» **THE DATA**:

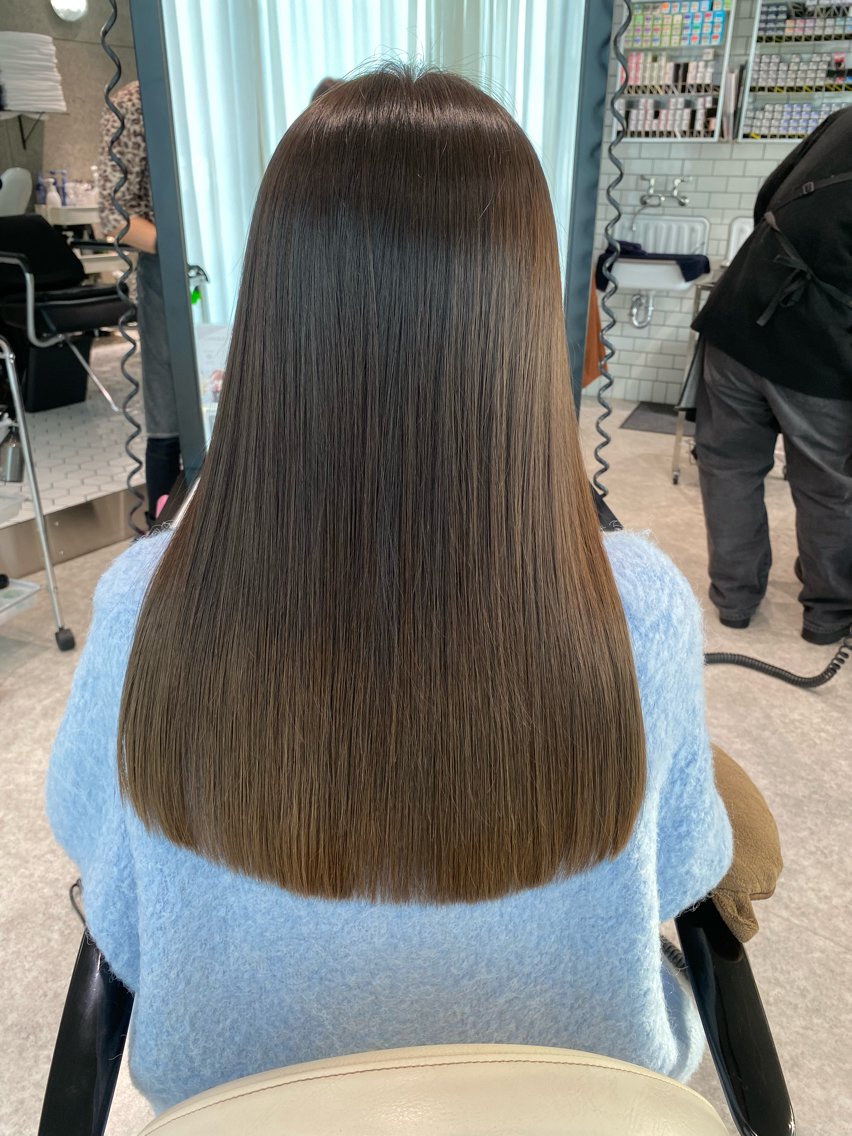 ロング 髪質改善 トリートメント SALOWIN◽ Ichika のヘアスタイル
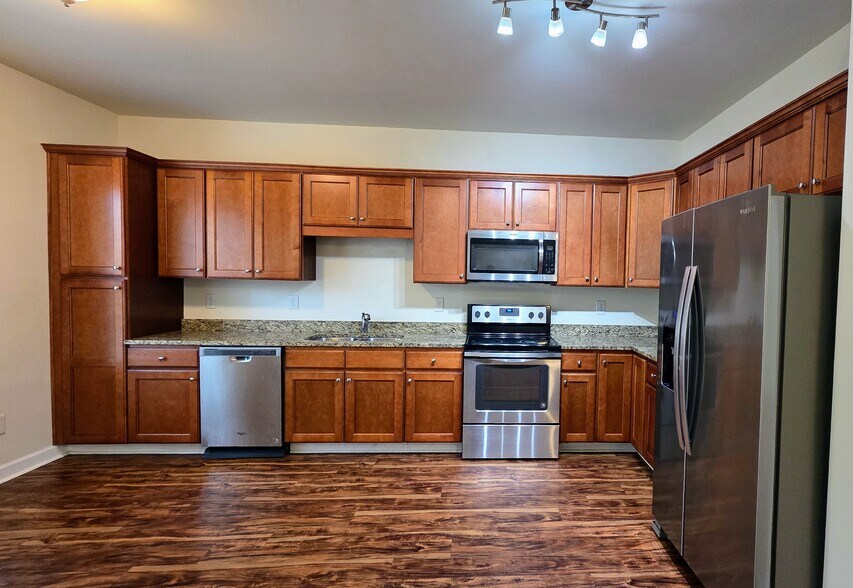 Building Photo - 113 Beechleaf Ct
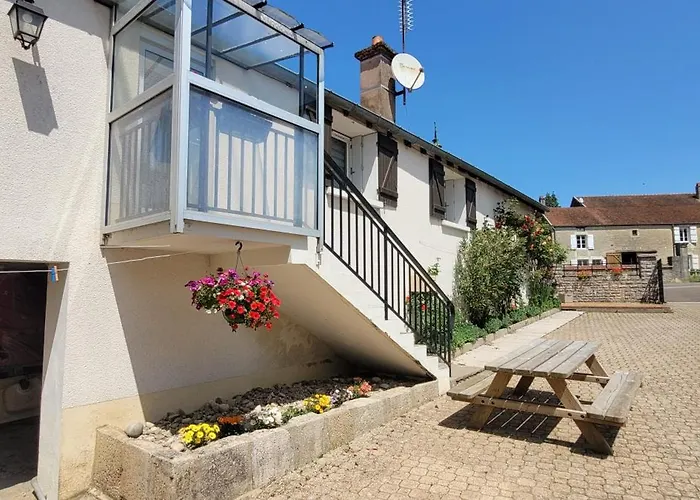 شقة La Maison De L'abeille De Percey *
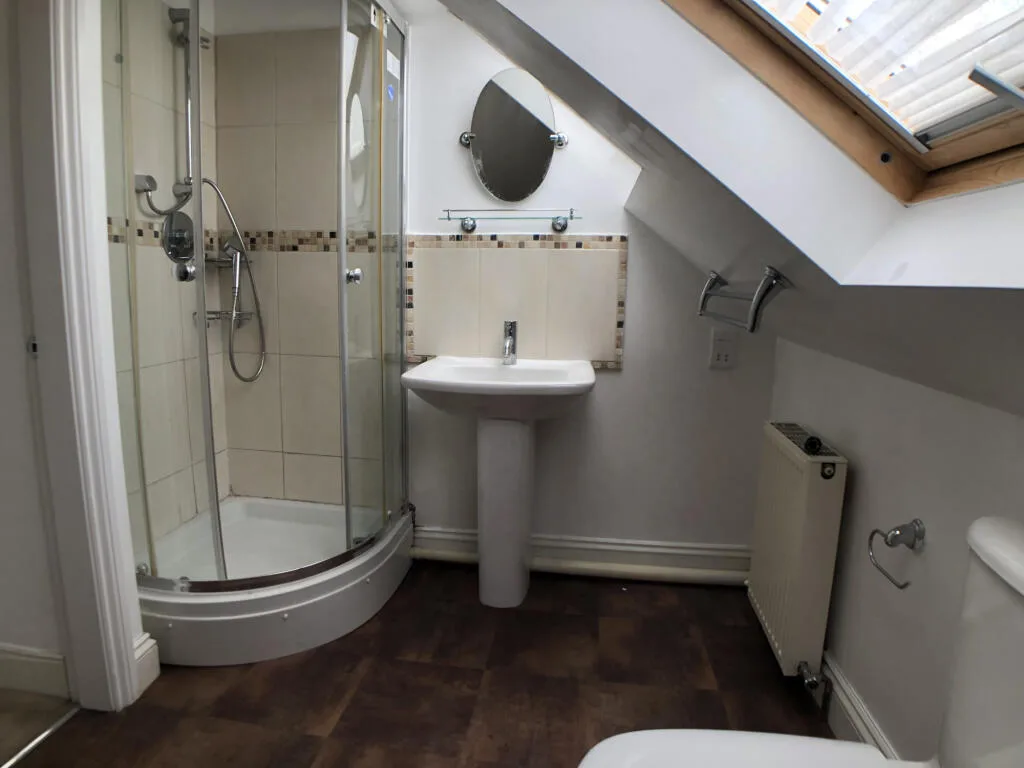 3 bedroom maisonette for rent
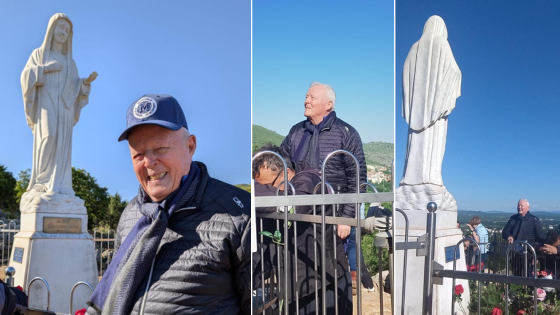 Podbrodo accanto alla statua della Regina della Pace Medjugorje
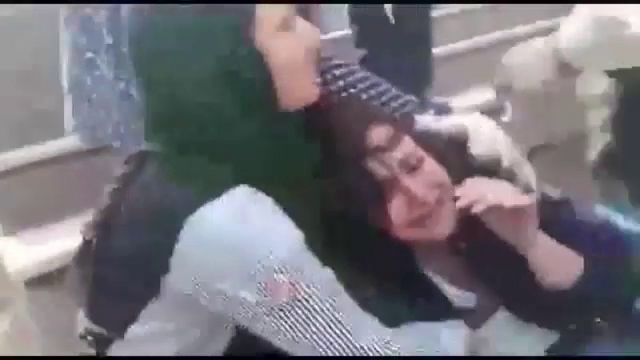 Imagini șocante în Iran. Tânără agresată și umilită de ”poliția moralității”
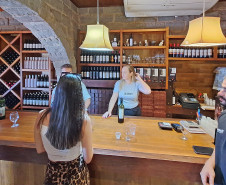 Impulsionado pela Região Metropolitana de Curitiba e recuperação do Interior, Turismo do Paraná cresce 15,4% e gera 5.650 novos empregos em 2025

» **WORK ITEM**:
Your answer must be an exact repeat of the records above, with the pictures left out.

» **WRITTEN ANSWER**:
 ロング 髪質改善 トリートメント SALOWIN◽ Ichika のヘアスタイル
 Building Photo - 113 Beechleaf Ct
 شقة La Maison De L'abeille De Percey *
 3 bedroom maisonette for rent
 Podbrodo accanto alla statua della Regina della Pace Medjugorje
 Imagini șocante în Iran. Tânără agresată și umilită de ”poliția moralității”
 Impulsionado pela Região Metropolitana de Curitiba e recuperação do Interior, Turismo do Paraná cresce 15,4% e gera 5.650 novos empregos em 2025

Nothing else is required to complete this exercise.